In this morning’s data, the headline Consumer Price Index (CPI) increased 0.3% in December, higher than expected and grew 3.4% on an annual basis, which is three tenths higher than last month’s annual figure. Monthly prices for Electricity, up 1.3%, and Shelter, up 0.5%, were relatively strong while monthly prices for Fuel Oil, down -5.5%, were relatively weak. The core rate, which excludes prices for food and energy, increased 0.3% in December as expected, and grew 3.9% on an annual basis, one tenth less than the annualized figure the previous month.
Meanwhile, Initial Jobless Claims were 202,000 for the week ending January 6th, less than expected. Continuing Claims were 1,834,000 for the week ending December 30th, also less than expected.
Overall, a slightly hotter than expected report as headline CPI increased more than expected and the annualized figure ticked higher from the previous month. Shelter was among the contributors to the increase. Core rates came in as expected for the month and the annualized figure remains above the Federal Reserve target, despite ticking slightly lower from the previous month.
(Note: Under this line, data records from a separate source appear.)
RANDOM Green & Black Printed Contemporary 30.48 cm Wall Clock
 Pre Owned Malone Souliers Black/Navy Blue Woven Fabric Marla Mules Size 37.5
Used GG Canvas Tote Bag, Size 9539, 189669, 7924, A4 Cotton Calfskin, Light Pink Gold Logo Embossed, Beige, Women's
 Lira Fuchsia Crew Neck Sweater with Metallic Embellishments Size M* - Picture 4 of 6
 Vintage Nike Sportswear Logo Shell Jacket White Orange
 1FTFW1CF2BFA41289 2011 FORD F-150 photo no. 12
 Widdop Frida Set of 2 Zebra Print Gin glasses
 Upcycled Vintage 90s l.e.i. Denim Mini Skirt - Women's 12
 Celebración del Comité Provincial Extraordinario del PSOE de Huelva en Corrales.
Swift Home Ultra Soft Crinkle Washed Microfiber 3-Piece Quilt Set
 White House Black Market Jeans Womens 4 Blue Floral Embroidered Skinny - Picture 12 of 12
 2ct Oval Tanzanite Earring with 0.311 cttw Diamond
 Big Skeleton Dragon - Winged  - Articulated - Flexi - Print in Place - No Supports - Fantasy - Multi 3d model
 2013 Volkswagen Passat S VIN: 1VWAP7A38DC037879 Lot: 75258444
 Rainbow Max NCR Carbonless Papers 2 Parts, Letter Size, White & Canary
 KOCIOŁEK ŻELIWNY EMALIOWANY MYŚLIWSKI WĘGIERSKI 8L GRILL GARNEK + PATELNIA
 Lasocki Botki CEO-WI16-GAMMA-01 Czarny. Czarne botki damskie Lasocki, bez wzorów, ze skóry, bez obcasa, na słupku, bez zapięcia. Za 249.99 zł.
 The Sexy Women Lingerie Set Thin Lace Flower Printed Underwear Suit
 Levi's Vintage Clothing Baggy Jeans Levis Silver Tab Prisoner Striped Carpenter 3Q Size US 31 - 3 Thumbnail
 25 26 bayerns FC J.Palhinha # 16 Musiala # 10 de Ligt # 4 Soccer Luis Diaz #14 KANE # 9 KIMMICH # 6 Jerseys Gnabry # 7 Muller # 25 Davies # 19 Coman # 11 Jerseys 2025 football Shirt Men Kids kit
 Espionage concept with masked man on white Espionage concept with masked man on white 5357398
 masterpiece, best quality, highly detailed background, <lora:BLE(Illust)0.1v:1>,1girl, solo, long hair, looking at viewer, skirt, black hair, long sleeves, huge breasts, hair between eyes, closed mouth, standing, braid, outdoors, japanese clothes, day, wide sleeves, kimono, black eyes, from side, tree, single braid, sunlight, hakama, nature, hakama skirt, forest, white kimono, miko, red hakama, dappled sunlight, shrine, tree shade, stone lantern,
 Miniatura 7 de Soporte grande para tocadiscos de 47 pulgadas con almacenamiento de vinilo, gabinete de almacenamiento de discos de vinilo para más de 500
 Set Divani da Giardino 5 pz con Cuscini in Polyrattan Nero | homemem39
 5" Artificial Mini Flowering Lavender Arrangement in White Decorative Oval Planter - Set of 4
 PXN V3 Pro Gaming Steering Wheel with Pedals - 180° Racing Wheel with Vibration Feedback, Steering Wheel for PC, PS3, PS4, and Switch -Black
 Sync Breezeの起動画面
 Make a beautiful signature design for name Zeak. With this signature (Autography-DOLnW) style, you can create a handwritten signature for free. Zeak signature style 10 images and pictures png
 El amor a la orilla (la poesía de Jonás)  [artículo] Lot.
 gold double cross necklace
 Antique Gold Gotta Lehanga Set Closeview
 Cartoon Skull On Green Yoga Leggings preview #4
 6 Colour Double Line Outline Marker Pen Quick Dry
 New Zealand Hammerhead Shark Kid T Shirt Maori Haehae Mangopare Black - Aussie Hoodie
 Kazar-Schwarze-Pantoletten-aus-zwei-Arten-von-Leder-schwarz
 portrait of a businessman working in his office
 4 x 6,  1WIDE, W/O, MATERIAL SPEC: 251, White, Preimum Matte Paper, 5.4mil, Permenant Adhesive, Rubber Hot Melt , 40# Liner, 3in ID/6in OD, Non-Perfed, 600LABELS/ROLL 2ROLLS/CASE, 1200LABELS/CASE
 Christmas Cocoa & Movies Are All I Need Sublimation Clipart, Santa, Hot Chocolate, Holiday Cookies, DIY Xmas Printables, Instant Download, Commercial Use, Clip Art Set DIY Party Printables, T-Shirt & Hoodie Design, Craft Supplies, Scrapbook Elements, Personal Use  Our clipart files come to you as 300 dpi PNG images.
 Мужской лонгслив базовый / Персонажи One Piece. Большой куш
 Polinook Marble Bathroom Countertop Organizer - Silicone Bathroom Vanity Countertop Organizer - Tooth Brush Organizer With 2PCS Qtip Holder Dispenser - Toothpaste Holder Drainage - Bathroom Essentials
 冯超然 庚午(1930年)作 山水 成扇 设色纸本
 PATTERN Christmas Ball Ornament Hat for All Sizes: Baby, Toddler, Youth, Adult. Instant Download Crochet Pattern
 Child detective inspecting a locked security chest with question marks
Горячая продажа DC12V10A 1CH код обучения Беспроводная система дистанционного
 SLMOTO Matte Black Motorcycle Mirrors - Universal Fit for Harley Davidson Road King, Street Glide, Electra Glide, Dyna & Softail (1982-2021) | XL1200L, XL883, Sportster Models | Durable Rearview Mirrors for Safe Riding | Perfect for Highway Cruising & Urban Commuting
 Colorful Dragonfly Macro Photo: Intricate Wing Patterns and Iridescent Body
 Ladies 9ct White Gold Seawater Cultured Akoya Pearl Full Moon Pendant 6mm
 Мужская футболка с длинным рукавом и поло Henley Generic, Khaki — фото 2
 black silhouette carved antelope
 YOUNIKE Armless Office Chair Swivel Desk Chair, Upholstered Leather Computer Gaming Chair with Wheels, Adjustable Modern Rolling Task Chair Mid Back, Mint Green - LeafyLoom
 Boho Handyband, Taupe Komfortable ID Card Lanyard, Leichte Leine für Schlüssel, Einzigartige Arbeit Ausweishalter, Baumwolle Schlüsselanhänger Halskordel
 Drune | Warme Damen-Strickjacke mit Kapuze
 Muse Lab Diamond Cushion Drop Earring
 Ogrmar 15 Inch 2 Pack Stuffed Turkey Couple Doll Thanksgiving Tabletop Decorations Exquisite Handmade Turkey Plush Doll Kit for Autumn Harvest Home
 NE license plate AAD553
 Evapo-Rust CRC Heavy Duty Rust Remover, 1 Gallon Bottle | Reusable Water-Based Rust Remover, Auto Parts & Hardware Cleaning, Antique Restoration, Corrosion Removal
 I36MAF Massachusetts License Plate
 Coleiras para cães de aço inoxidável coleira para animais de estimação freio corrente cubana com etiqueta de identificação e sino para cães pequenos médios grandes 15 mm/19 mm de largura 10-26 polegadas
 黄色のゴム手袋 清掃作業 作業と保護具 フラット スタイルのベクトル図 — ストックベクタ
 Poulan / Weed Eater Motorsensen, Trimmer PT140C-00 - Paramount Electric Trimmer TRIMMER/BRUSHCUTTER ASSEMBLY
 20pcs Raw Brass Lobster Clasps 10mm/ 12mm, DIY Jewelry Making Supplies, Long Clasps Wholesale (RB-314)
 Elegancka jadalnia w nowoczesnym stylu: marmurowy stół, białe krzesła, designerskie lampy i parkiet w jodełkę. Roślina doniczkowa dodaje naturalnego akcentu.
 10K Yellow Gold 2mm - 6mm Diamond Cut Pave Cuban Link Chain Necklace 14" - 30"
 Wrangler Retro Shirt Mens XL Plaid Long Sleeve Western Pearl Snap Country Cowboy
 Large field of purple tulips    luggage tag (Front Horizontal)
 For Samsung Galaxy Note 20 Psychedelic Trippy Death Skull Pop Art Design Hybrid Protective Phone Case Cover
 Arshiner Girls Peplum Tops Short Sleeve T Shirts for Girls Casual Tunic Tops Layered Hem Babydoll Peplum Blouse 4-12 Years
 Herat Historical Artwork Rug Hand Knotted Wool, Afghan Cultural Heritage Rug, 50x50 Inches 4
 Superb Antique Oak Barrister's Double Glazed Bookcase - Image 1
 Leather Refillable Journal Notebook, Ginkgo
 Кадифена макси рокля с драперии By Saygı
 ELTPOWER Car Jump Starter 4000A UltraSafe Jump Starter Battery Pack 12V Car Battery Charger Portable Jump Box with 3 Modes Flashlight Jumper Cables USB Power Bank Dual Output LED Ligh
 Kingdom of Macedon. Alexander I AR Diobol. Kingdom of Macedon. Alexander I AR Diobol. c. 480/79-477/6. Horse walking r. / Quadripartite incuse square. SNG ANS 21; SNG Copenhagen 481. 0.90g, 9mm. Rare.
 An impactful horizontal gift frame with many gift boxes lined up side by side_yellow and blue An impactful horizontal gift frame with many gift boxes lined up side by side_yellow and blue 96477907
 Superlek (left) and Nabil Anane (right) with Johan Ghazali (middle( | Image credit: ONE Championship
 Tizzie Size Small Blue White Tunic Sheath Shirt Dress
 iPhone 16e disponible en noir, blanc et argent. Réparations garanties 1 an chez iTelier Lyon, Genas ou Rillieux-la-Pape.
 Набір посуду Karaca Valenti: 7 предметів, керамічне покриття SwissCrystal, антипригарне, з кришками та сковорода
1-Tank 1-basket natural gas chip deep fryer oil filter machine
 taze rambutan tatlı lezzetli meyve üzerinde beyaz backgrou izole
The labor market remains tight as initial claims are still in the low 200k range and continuing claims have decreased a bit from levels seen in late 2023. While the path of disinflation likely remains in place, the slightly hotter report could give some pause to the Federal Reserve in regard to reducing rates in the months ahead.
In all, the 10-year US treasury yield ticks higher following the report and equity futures are slightly lower as we head into the market open.